I think it would have slowed it down to about 500mph :hmm3grin2orange:


----------



## yooper (Aug 24, 2008)

I have an old 1973 Wayne 16 chipper(drum) with a dodge 318 in it. you really have to watch out when throwing short dead pieces of wood in it sometimes they come back a heck of allot faster than any man could throw them. I have been abused a few times by it.


----------



## Eagle1 (Aug 24, 2008)

Just make sure no one bends over when that chipper is throwing wood.......that would REALLY be abuse


----------



## JeffL (Aug 24, 2008)

One day we were pushing some big chunks of willow into our Bandit ermmmm, something XP . Cant recall the model number, will take up to 15" wood. Either way, lots of small bits kicking around the feed wheels, and I kept getting nervous opening those feed wheels all the way up to push those butt pieces into them. Sure enough, what I was nervous of happening happened and had a piece come flying off the knives and hit me square in the stomach. Cut me a bit and left a nice bruise.


----------



## southsoundtree (Sep 16, 2008)

yooper said:


> I have an old 1973 Wayne 16 chipper(drum) with a dodge 318 in it. you really have to watch out when throwing short dead pieces of wood in it sometimes they come back a heck of allot faster than any man could throw them. I have been abused a few times by it.



I've got a hungry wayne 1975. On a guy's first day the end of the branch shot back and got him squarely in the family jewels. 

I told him to feed from the side, that there is protection from the sides of the tray, but nothing like being doubled over in pain from a nutshot will emphasize it better.


----------



## lostcoastland (Sep 21, 2008)

treemandan said:


> ALLRIGHT, ***** TIMBERMCPHERSON, what in God's name are you doing with that thing?
> I am sure it hurt and a NG situation BUT seriously watch that kinda stuff.

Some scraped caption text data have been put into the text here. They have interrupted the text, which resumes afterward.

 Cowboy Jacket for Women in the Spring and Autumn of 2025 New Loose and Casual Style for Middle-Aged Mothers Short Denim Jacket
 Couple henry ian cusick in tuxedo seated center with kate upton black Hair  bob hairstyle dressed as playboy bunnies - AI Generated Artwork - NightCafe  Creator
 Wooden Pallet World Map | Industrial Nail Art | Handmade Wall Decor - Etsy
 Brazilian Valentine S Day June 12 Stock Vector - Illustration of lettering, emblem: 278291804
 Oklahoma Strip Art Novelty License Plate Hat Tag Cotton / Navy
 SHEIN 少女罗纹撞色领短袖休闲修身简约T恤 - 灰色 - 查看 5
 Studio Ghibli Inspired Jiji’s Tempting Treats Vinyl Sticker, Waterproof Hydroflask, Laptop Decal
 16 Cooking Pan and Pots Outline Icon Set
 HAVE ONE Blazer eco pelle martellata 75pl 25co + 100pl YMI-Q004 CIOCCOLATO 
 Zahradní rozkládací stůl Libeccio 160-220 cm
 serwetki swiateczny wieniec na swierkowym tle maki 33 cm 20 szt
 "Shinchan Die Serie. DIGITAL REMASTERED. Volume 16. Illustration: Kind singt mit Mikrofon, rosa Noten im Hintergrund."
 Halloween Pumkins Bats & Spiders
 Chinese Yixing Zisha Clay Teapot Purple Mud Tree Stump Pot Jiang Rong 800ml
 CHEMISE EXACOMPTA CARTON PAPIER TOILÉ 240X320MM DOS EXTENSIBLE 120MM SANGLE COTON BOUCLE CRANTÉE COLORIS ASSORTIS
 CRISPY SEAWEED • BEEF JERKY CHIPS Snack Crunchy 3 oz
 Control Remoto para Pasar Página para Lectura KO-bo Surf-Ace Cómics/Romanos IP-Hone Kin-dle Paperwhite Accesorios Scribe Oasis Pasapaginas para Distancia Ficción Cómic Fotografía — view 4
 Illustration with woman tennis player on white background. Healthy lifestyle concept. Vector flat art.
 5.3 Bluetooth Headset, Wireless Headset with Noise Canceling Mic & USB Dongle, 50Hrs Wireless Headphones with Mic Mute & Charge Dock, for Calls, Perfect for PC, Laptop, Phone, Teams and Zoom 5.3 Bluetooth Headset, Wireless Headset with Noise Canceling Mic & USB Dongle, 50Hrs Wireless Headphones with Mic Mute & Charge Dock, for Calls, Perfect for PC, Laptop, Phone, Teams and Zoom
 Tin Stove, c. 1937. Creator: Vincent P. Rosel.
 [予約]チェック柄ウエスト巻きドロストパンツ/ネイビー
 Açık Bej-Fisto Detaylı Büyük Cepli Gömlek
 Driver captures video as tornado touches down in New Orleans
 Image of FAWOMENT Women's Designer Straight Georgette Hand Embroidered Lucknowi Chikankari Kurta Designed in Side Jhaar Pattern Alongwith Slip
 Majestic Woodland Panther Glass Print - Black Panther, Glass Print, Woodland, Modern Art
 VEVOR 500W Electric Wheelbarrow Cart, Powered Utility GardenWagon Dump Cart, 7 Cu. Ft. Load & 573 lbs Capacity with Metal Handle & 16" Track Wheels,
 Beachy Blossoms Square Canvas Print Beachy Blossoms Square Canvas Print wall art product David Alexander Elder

You got a pic of this graveley?





*****????


----------



## woodchop (Sep 21, 2008)

lostcoastland said:


> *****????



Australians, black or white, do not on the whole have the same sensitivity to the word as Americans, at least when it is used in a lighthearted, non-derogatory fashion among established groups of friends. It would not be acceptable to use the term to a stranger or casual acquaintance. The relaxed attitude is mainly because there was no direct slave trading or slave use in Australia per se[citation needed], as the country was built on the exploitation of European convict labour. The mistreatment, and genocide, of the indigenous people is generally covered under the term of "racial abuse" rather than "slavery"; however, the increasing use of American vernacular has sensitised conservative Australia to its use.

They must be friends.


----------



## TimberMcPherson (Sep 22, 2008)

Aussies and NZers are sworn enemies, our two countries have been in a state of war for years due to an attempt to control the kangaroo resource. 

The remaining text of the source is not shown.